= Dan Lord =

Dan Lord is a composer, author, and cartoonist best known as the lead singer and songwriter of the U.S. rock band Pain (1994–2000) and lead singer and co-songwriter of the new lineup Salvo since 2019.

==Personal life==
Dan Lord attended high school at McGill–Toolen Catholic High School. In 1994 in Tuscaloosa, he, Adam Guthrie, and Mark Milewicz formed the band Pain which was active throughout the 1990s with the band releasing several albums and performing nationally on tour.
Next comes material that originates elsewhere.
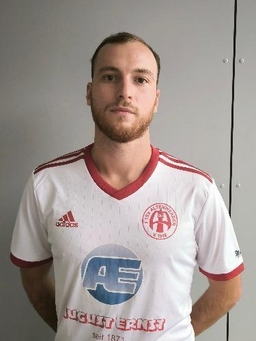 Avatar Bild für Oliver Dennis Drach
In 2000, while the band was talking with interested record labels, Lord shut down Pain to pursue his religious calling. Lord received his Master of Theology from University of Dallas, married, became an author, and as of January 2013, lived in Mount Pleasant, South Carolina and taught at Cathedral of Saint John the Baptist in nearby Charleston. In a 2019 interview, he mentioned the abrupt dissolution of Pain and the subsequent effects on band members' lives as a still sensitive subject among the previous band's members.

During this period, he authored a fantasy/thriller trilogy, the individual titles of which are By the Downward Way (2014), From A Dark Wayover (2016), and A Fantastic Confluence (2017). Lord also wrote the Catholic theological work, Choosing Joy for the Catholic publisher "Our Sunday Visitor", which asked him to author a book on Choosing Joy.

In 2019, he and the former members of Pain reformed the band under the new lineup "Salvo" which then released the album Off the Charts on the same year.